While infostealer malware presents a considerable threat on its own, a late 2024 study by SpyCloud found that it is also one of the biggest drivers of a surge in ransomware attacks on the year. It is a flexible method as attackers can actively phish targets with it via malicious attachments or installer links, but can also put it out passively in the form of all sorts of executables ranging from video game mods to seemingly legitimate productivity software.

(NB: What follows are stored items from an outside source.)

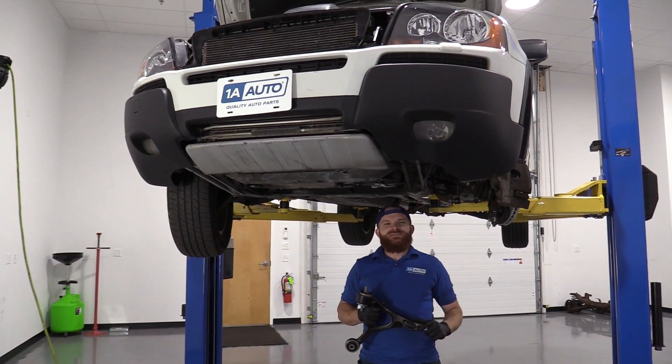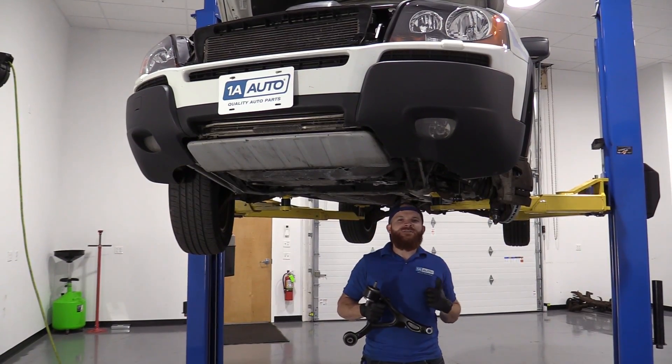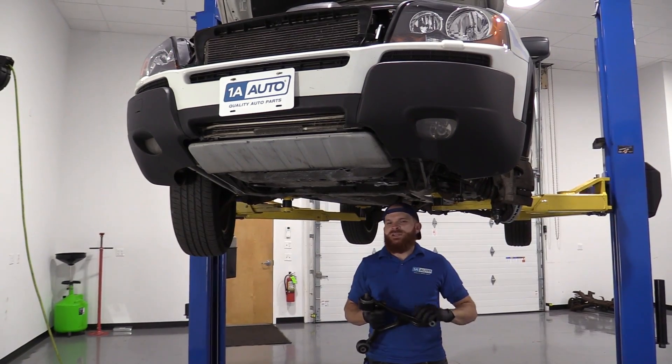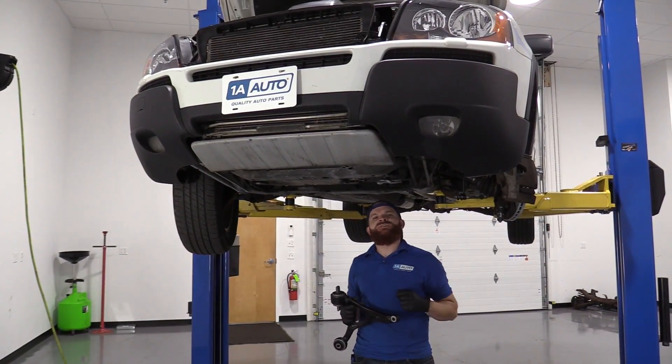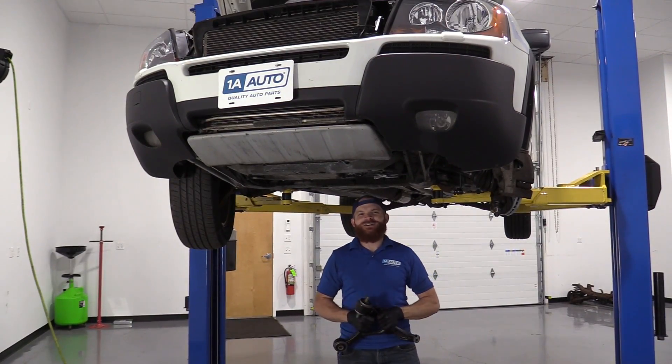Hey friends, it's Lenny here at 1A Auto. Today we're working on our 2004 Volvo XC90 — this is the all wheel drive — and I'm going to be showing you how to do a left front lower control arm. It's going to be easy peasy. I can do it, you can do it too. If you need this or any other part, you can always check us out at 1aauto.com.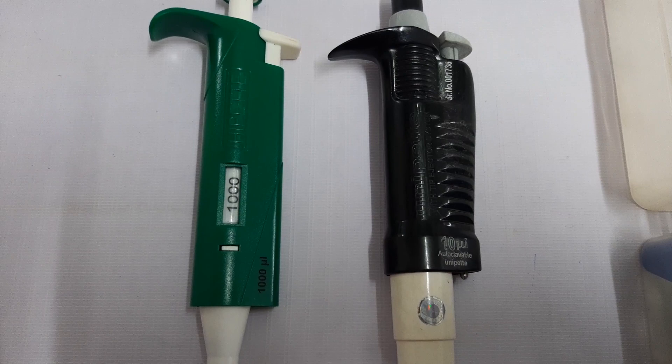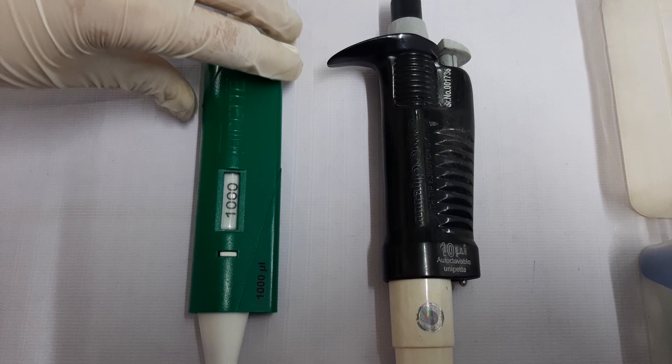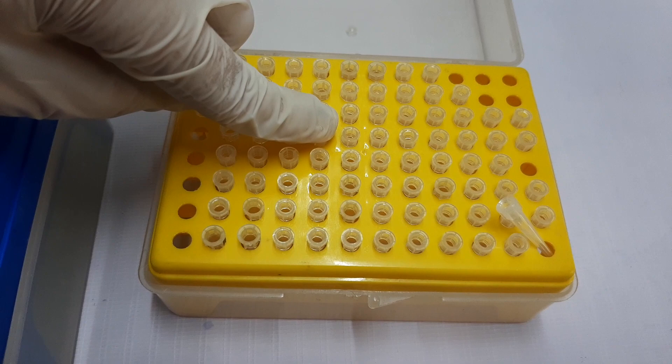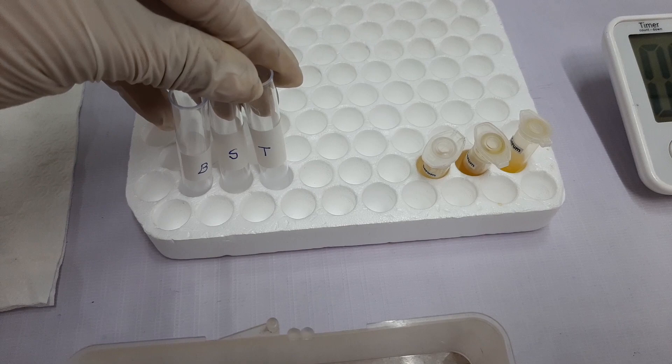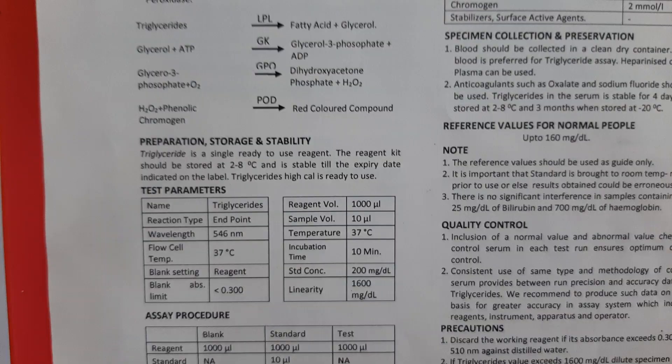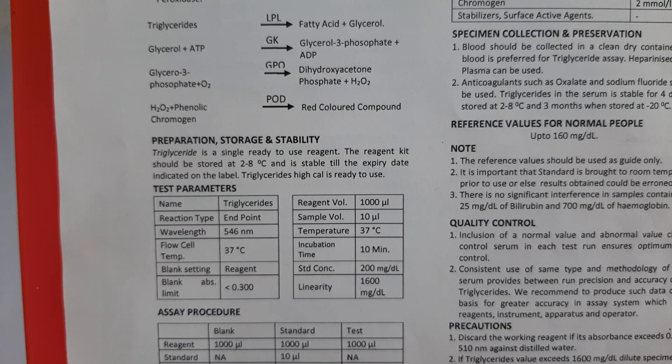Apart from this, you may require additional items such as a clean and well-calibrated pipette of 1000 µL volume, a clean and well-calibrated pipette of 10 µL volume, clean and dry tips of 1000 µL volume, clean and dry tips of 10 µL volume, tissue paper, clean and dry tubes in which the test is to be performed, patient sample, and a timer or stopwatch.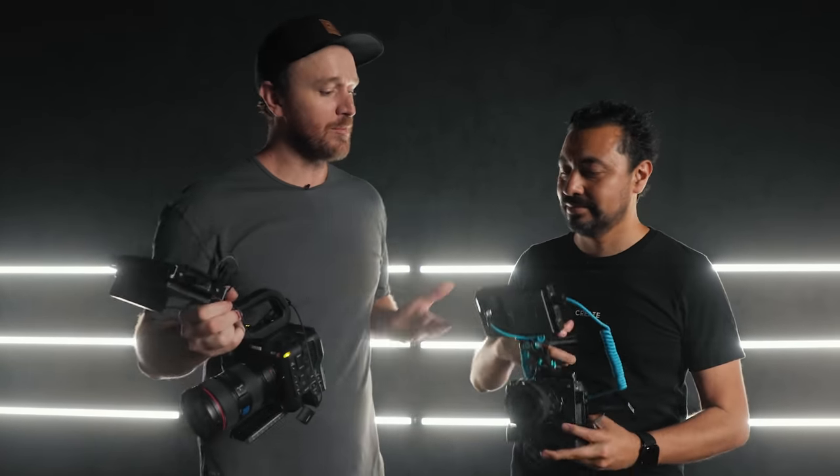Hey, what's going on guys? My name is Griffin and I'm a filmmaker based out of Orange County, California, and today I'm here with my friend Armando and we're going to be comparing the Canon C70 versus Armando's FX3. Let's get into it.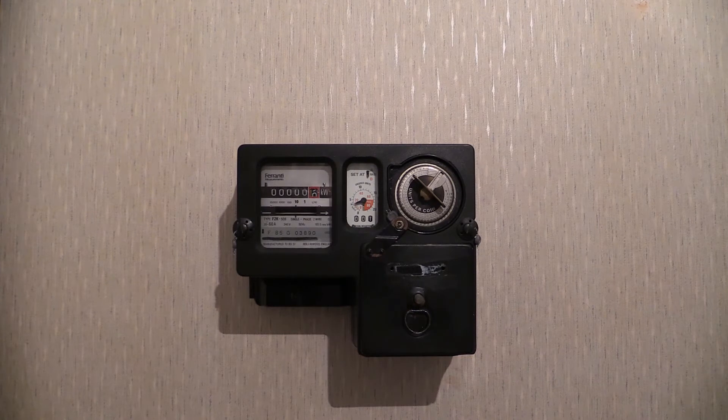This electricity meter was first calibrated and put into service in 1985. This meter is currently not showing any readout on the display as it has been reset to zero upon reacquiring it.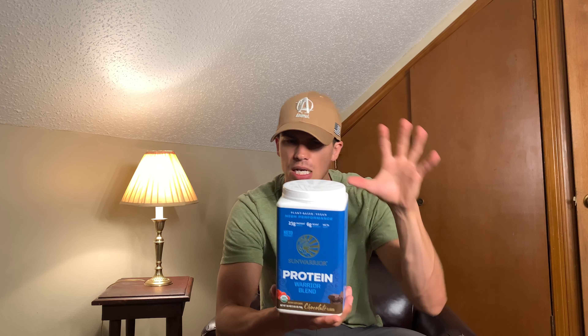It is soy-free, gluten-free, dairy-free, and non-GMO. So if you adhere to any of those things in your diet, this is going to be a good option for you.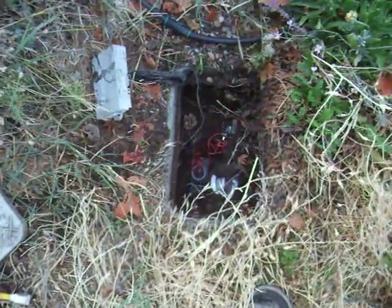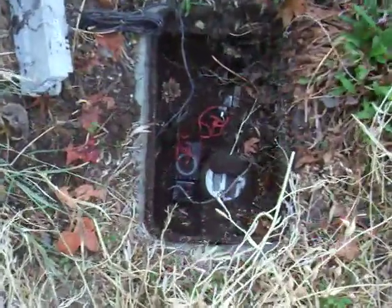This is my water meter. I've got a Neptune T10, attached to an Alcara encoder, or rather a meter transmitter unit.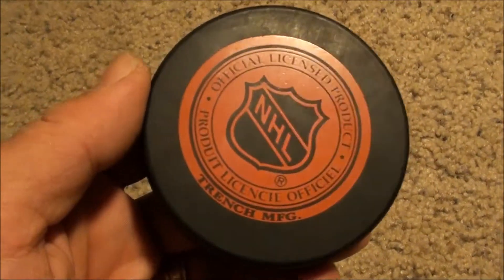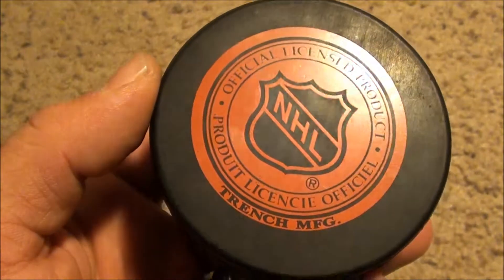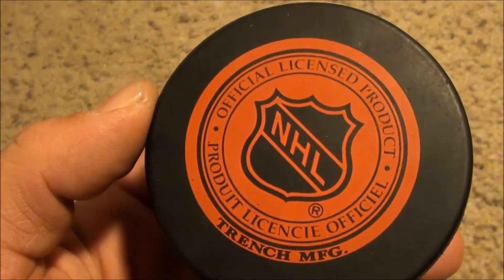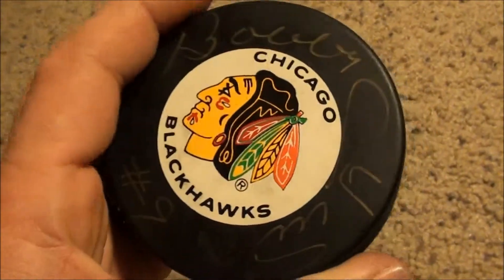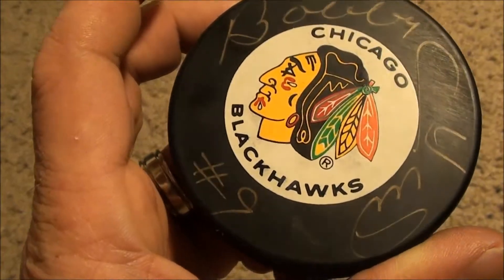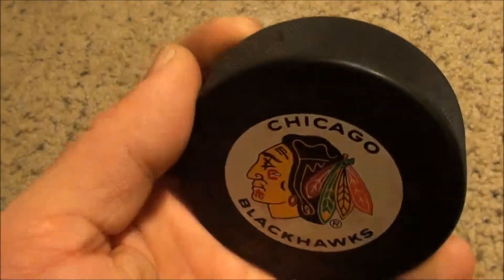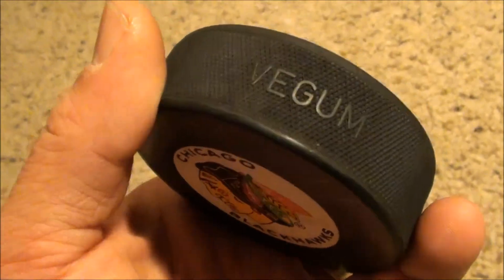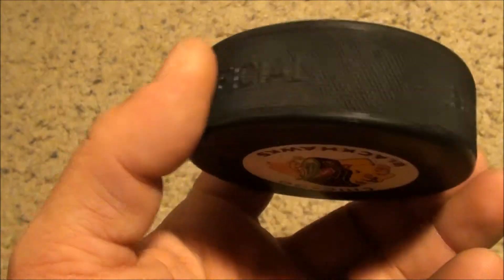Check it out — I was going through the storage box and came across this hockey puck. It's an official licensed NHL product. Take a look at this side: Chicago Blackhawks. We've got an autograph on there from number nine. You'll have to forgive me, I know zero about hockey, so unfortunately I don't know who that is.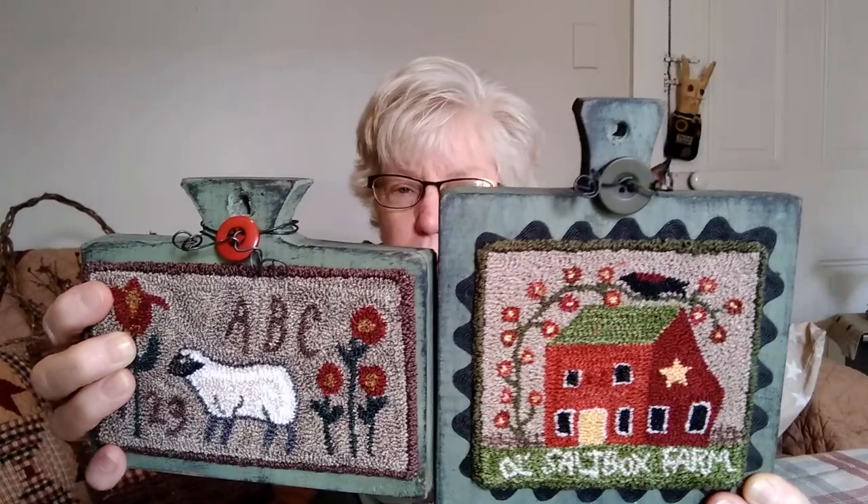This is a Teresa Kogut pattern and this is Teresa's Primitive Treasures pattern. They're both glued onto the hornbooks with Aileen's Tacky Glue. Then I wrap some wire around the top and put a coordinating button on it just for fun — it gives it a little bit of embellishment. With this one I have rick rack that I got at a thrift store called Lancaster Creative Reuse. The rick rack is glued with hot glue underneath, half of it glued under the punch needle, which is glued on with Aileen's Tacky Glue. So those are some samples of what you can do.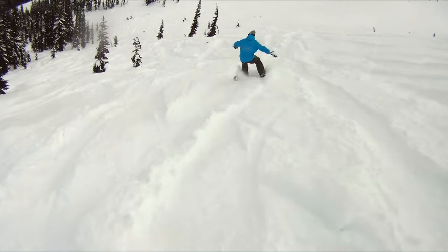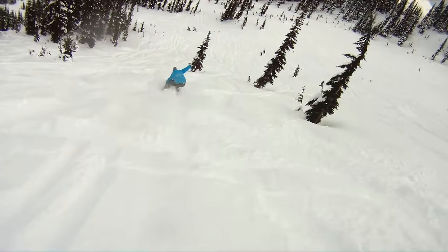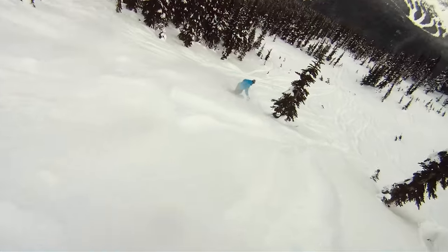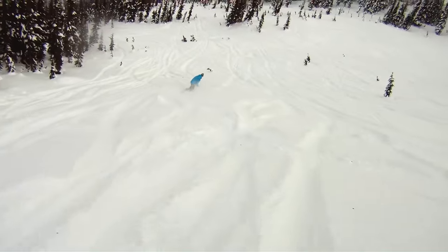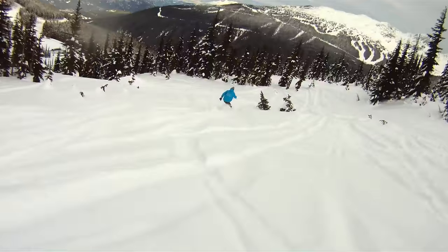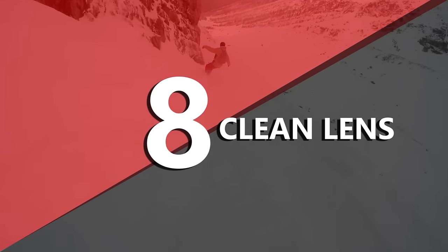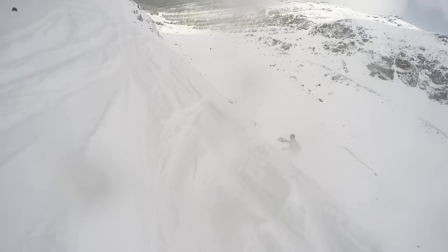It's very popular to mount the GoPro to your helmet, and that's great if your hands aren't free to hold the camera. But if you have the option, I don't recommend using a helmet mount because the footage can often look shaky and be disorienting for people to watch.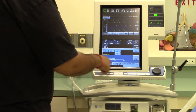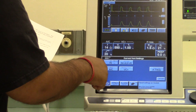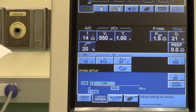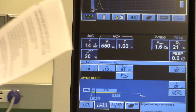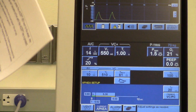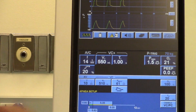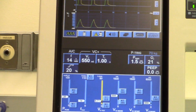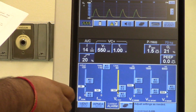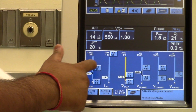We have our settings here — the vent settings we could change, and the apnea settings. If the patient does not take a breath for 20 or more seconds, the ventilator will alarm and begin ventilating the patient with the apnea settings. For our alarm settings: our high pressure alarm we're going to set at 35.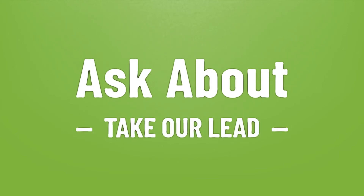Take our lead. Let's help you make your mark. Our goal is your satisfaction. Let us show you the way.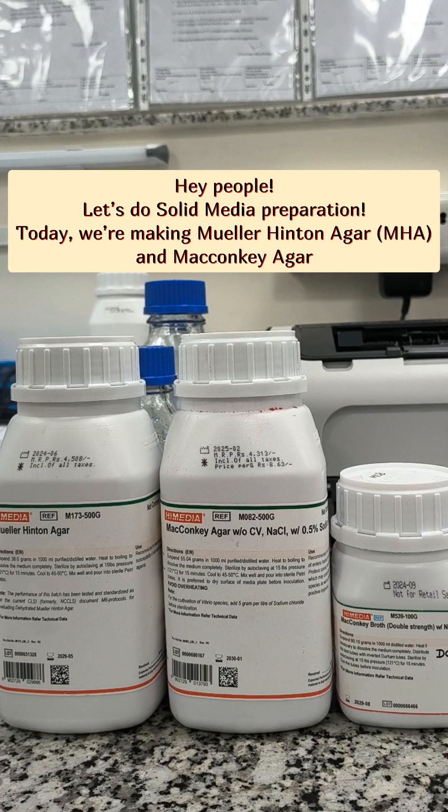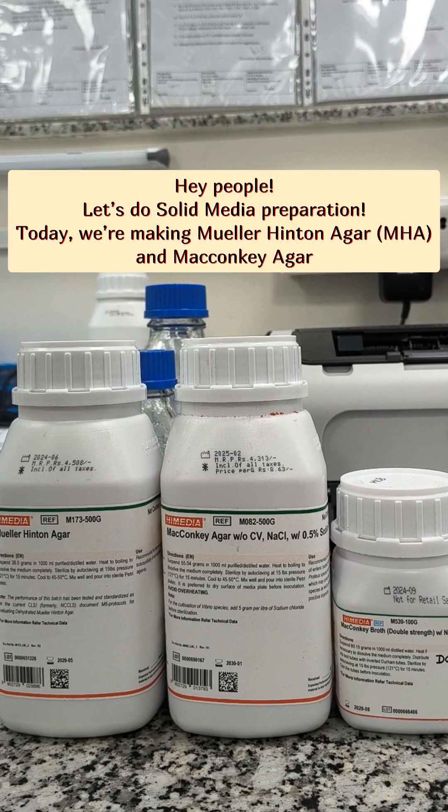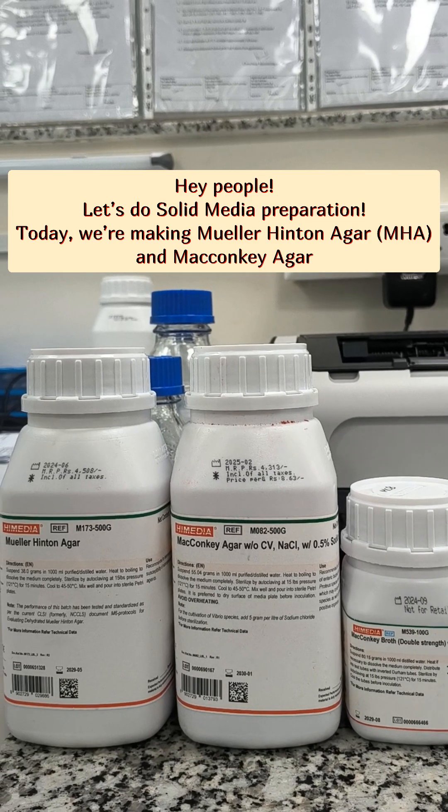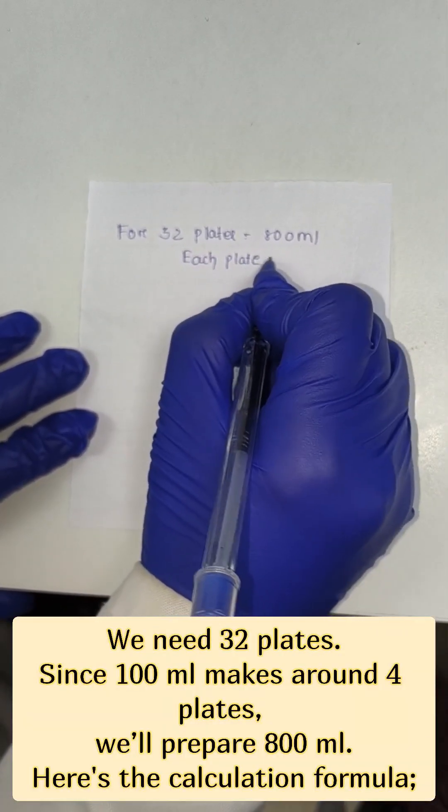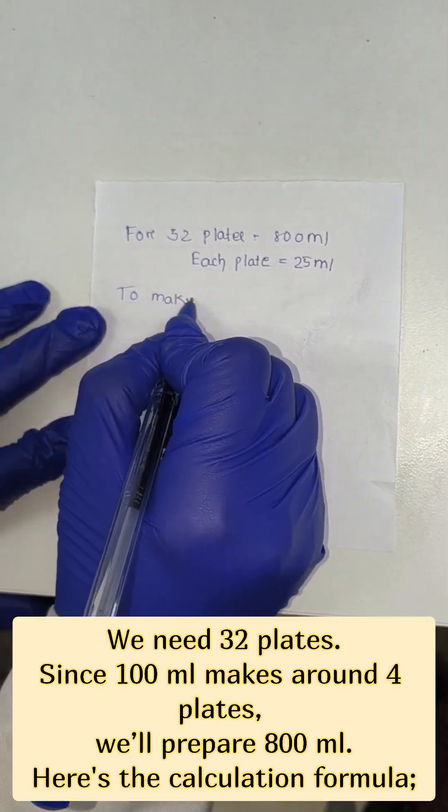Hello people, let's do solid media preparation. Today we are making Mueller Hinton agar, MHA, and MacConkey agar. We need 32 petri plates. Since 100 ml makes around 4 plates, we will prepare 800 ml.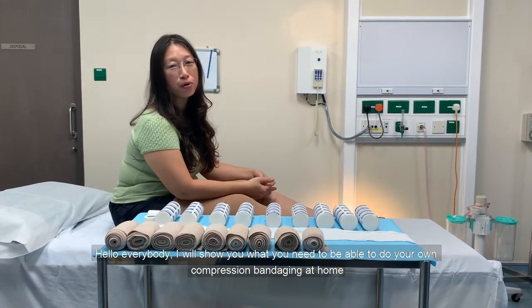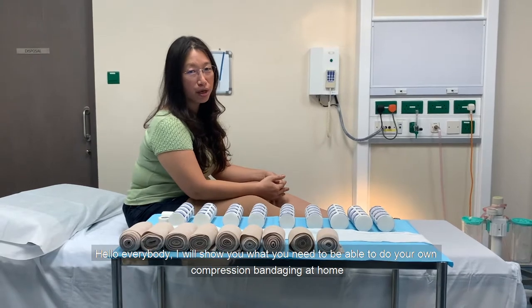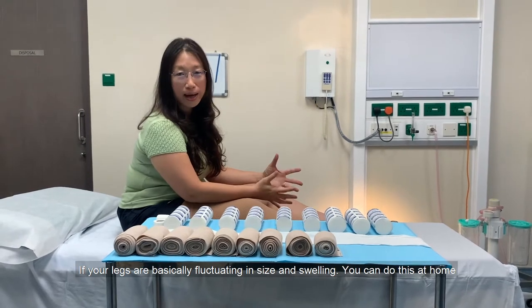Hello everybody! I will show you what you'll need to be able to do your own compression bandaging at home. When your legs are basically fluctuating in size and swelling, you can do this at home.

Once a system is compromised it provides a convenient way to extract sensitive information before deploying ransomware. The popular tools can strip a system of valuable information in a matter of minutes, but often also linger by installing keyloggers and screenshot grabbers to continue harvesting credentials over time.
Infostealer malware tools also have a low barrier to entry for aspiring criminals, with “licenses” to the most popular tools sold via dark web forums and Telegram for about $100 to $500 per month. Jason Soroko, Senior Fellow at Sectigo, notes that this also should be one of the simpler threats to prepare for despite its seeming ubiquity in the US military: “Infostealer infections in the US military and top defense contractors expose a systemic cybersecurity lapse. Lax endpoint defenses, outdated patching protocols, and human error are enabling cheap breaches—even in high-stakes environments. If organizations with deep pockets and top talent are vulnerable, rank-and-file companies, often under-resourced and less rigorous, face even graver risks. Companies must act now. Tighten security with zero trust architectures, continuous audits, and robust employee training. Update systems regularly, enforce strict access controls, and assume breach as a possibility. Cyber hygiene isn’t optional but should be considered a critical part of our defense in an era where a $10 exploit can topple even the most advanced networks.”
Kent Wilson, Vice President, Global Public Sector at Bugcrowd, adds: “This problem isn’t new, and it’s certainly not ‘just beginning.’ The reality is that when an adversary targets an individual, eventual compromise is inevitable—whether it’s in the defense sector or the private sector. Human behavior remains the weakest link in security, and no amount of investment in classified networks or perimeter security can fully prevent an employee from unknowingly downloading infostealer malware that exposes credentials. The lesson is clear: if you’re online, you’re a target. Every business—whether they serve the DOD or not—has employees who hold sensitive credentials that adversaries can exploit. That said, there’s no reason to make it easy for attackers. Organizations need to stop treating cybersecurity as a one-time project and adopt continuous, proactive security programs. Traditional defenders are in a knife fight every day, and staying ahead of attackers is difficult. Bug bounties, red teaming, penetration testing, and vulnerability disclosure programs (VDPs) all help uncover security gaps before adversaries do. If you’re not actively testing your defenses and your people, attackers will do it for you.”